- [Available data]:
-----

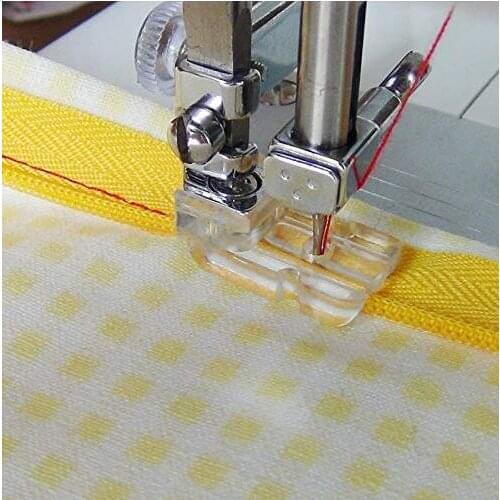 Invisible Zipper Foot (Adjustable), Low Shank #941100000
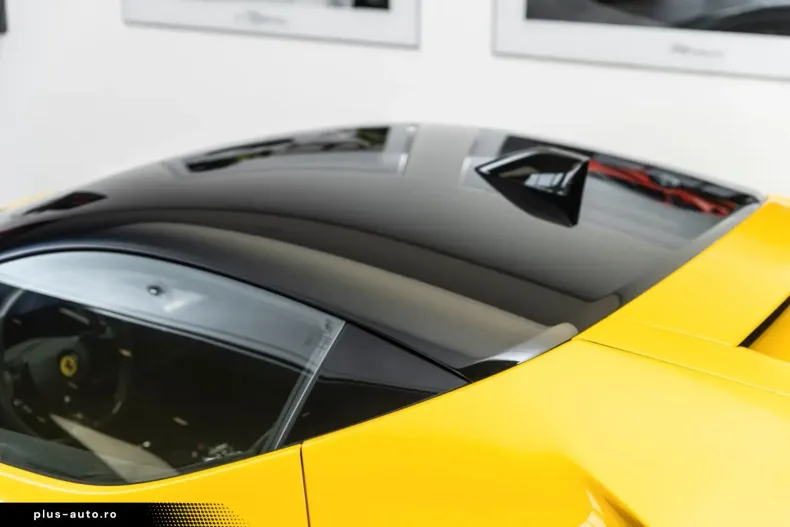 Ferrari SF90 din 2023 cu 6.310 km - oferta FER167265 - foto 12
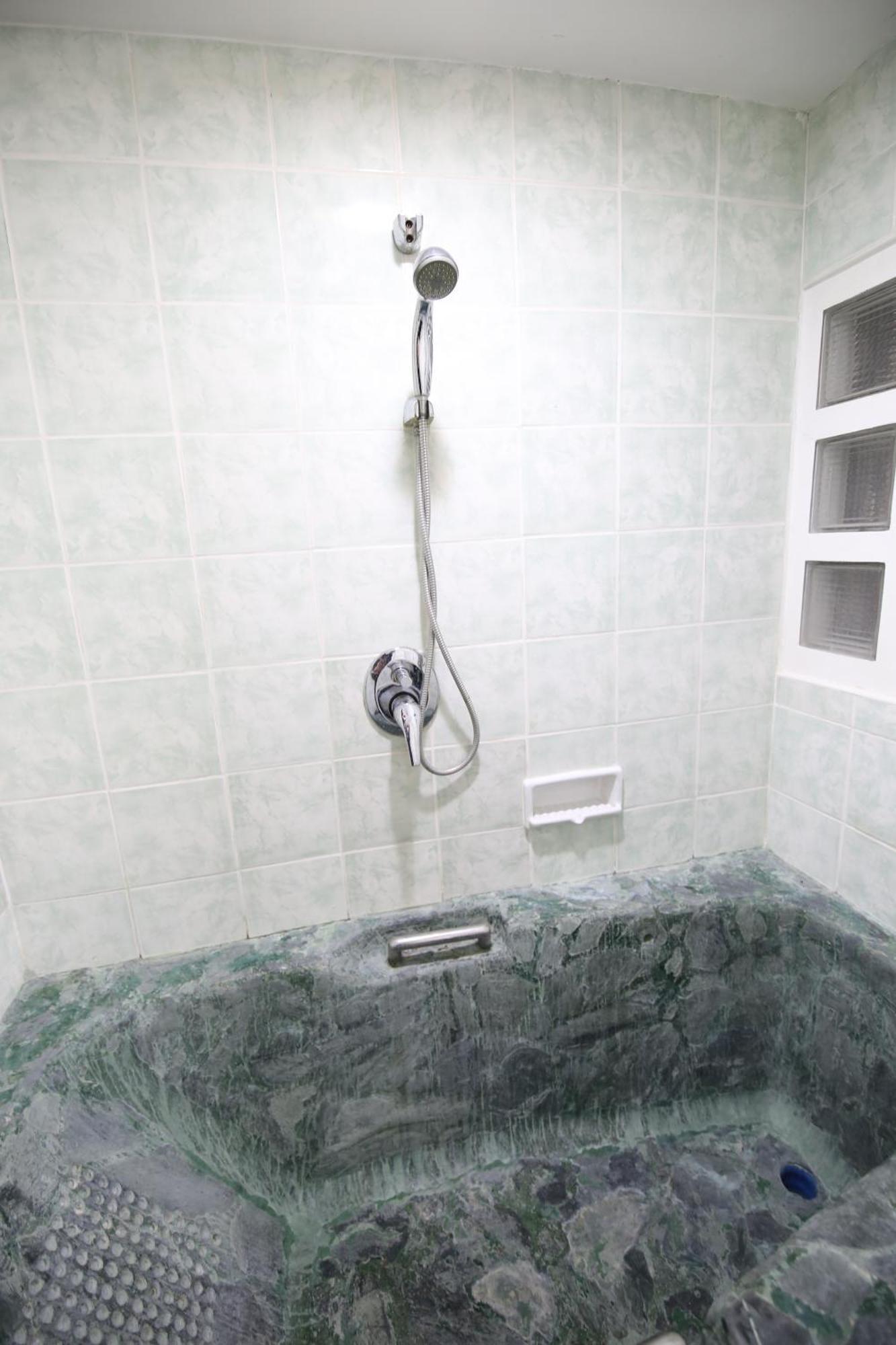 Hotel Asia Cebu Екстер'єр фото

-----

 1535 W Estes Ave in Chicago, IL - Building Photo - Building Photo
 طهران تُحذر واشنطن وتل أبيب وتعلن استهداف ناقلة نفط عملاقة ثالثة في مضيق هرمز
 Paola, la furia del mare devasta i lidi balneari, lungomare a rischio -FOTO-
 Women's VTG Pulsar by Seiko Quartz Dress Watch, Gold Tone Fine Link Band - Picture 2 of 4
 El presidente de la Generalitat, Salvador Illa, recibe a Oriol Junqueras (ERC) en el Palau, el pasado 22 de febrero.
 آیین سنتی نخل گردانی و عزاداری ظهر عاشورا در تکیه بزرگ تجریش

-----

- [Exercise instructions]: Please copy, exactly as written, every line in the listing above from the line with "طهران تُحذر واشنطن" up to and including the line with "El presidente de".

- [Task answer]:
 طهران تُحذر واشنطن وتل أبيب وتعلن استهداف ناقلة نفط عملاقة ثالثة في مضيق هرمز
 Paola, la furia del mare devasta i lidi balneari, lungomare a rischio -FOTO-
 Women's VTG Pulsar by Seiko Quartz Dress Watch, Gold Tone Fine Link Band - Picture 2 of 4
 El presidente de la Generalitat, Salvador Illa, recibe a Oriol Junqueras (ERC) en el Palau, el pasado 22 de febrero.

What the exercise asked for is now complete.